- **WHAT TO PRODUCE**
Which lines of the entries below run from the one holding "1631058103487374.png 1631058103487374.png" to the one holding "White Diamond Tri-Coat", inclusive? Set down exactly those lines and no others.

*** Opening of RECORDS FOR PROCESSING ***

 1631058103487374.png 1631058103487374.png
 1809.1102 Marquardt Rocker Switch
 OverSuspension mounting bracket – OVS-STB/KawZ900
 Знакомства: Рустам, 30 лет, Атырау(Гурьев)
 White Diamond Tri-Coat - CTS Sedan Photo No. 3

*** Close of RECORDS FOR PROCESSING ***
*** Opening of RECORDS FOR PROCESSING ***

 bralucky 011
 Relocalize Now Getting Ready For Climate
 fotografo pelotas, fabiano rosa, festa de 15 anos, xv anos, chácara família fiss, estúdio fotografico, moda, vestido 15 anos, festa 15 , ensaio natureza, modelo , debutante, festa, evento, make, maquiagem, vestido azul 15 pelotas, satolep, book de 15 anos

*** Close of RECORDS FOR PROCESSING ***

- **OUTPUT FOR THIS EXERCISE**
 1631058103487374.png 1631058103487374.png
 1809.1102 Marquardt Rocker Switch
 OverSuspension mounting bracket – OVS-STB/KawZ900
 Знакомства: Рустам, 30 лет, Атырау(Гурьев)
 White Diamond Tri-Coat - CTS Sedan Photo No. 3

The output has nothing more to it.